::: ENTRIES SHOWN
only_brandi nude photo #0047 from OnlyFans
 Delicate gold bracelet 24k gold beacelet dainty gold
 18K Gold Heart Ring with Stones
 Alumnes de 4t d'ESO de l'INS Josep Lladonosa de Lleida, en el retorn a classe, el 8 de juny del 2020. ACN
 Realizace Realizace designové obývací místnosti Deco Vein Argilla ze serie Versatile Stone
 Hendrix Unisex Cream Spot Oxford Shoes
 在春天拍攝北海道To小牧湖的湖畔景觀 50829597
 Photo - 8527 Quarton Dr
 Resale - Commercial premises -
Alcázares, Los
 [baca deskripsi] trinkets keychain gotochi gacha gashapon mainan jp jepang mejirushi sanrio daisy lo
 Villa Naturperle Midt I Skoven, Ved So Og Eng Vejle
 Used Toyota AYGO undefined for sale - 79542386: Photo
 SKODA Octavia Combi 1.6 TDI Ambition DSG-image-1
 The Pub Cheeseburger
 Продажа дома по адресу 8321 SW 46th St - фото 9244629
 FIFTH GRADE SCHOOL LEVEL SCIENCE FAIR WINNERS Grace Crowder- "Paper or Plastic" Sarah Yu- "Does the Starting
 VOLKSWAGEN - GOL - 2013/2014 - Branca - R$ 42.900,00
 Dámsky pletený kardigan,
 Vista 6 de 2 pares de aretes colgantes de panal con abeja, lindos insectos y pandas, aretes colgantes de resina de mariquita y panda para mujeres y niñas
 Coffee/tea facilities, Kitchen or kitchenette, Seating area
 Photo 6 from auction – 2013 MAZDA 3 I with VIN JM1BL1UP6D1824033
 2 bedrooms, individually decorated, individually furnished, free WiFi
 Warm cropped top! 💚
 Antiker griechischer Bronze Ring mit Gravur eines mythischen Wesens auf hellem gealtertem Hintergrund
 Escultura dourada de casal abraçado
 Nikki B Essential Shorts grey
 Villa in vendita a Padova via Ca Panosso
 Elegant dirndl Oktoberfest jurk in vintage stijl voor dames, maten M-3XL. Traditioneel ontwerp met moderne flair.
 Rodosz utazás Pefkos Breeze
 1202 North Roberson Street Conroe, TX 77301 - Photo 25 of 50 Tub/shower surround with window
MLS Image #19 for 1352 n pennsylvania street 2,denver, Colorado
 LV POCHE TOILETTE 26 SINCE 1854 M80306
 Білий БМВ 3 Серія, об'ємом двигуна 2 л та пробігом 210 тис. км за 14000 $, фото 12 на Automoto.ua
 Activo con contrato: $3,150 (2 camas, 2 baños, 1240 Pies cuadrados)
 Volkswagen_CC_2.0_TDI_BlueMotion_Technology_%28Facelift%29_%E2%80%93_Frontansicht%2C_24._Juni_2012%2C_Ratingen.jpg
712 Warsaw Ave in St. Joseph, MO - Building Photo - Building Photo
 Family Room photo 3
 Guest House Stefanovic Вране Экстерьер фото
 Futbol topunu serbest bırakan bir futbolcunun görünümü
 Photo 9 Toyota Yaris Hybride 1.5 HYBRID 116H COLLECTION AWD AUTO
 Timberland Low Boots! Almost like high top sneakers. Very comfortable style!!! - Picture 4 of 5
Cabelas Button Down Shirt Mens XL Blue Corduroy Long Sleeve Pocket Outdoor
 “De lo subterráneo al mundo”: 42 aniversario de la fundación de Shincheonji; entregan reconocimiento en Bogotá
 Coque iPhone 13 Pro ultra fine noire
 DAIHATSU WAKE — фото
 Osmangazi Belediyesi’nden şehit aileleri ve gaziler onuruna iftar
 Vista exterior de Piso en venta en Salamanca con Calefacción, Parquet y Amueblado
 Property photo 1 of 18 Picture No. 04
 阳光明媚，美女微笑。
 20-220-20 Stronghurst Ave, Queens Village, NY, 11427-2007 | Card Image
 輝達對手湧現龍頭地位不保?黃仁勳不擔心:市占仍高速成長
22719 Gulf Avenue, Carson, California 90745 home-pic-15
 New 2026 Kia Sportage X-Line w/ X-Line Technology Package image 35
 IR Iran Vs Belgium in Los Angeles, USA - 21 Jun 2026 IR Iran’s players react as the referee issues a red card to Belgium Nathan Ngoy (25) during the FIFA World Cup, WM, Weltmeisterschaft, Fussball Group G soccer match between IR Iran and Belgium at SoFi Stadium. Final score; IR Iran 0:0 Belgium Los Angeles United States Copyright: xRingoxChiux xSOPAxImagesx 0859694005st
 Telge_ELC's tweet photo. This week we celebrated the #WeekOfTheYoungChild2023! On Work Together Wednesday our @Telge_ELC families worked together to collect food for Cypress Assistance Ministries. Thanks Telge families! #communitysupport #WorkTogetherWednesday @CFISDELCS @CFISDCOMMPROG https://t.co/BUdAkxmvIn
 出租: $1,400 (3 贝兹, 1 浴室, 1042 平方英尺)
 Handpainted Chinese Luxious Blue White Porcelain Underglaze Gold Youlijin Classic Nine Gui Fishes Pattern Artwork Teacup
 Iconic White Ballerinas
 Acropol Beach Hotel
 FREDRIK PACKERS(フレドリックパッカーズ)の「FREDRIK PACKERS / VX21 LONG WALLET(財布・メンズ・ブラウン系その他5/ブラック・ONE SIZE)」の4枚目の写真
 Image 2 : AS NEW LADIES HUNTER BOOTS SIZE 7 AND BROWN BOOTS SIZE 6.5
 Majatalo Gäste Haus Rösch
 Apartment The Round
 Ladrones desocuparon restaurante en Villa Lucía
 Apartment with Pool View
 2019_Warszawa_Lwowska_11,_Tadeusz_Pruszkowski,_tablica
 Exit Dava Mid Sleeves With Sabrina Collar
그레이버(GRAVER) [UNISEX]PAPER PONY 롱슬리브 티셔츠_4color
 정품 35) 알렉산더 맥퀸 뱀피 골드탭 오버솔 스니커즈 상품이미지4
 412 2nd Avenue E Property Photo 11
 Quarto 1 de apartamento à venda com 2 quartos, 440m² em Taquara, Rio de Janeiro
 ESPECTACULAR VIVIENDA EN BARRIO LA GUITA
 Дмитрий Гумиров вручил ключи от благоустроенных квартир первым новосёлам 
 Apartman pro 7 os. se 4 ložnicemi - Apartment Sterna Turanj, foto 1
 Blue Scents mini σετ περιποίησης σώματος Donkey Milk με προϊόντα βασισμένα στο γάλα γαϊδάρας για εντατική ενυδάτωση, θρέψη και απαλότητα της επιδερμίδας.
::::::
» ASSIGNMENT
Nothing but the lines from the one containing "정품 35) 알렉산더 맥퀸 뱀피 골드탭 오버솔 스니커즈 상품이미지4" through the last line of the data above should be set down, word for word.

» TASK SOLUTION
 정품 35) 알렉산더 맥퀸 뱀피 골드탭 오버솔 스니커즈 상품이미지4
 412 2nd Avenue E Property Photo 11
 Quarto 1 de apartamento à venda com 2 quartos, 440m² em Taquara, Rio de Janeiro
 ESPECTACULAR VIVIENDA EN BARRIO LA GUITA
 Дмитрий Гумиров вручил ключи от благоустроенных квартир первым новосёлам 
 Apartman pro 7 os. se 4 ložnicemi - Apartment Sterna Turanj, foto 1
 Blue Scents mini σετ περιποίησης σώματος Donkey Milk με προϊόντα βασισμένα στο γάλα γαϊδάρας για εντατική ενυδάτωση, θρέψη και απαλότητα της επιδερμίδας.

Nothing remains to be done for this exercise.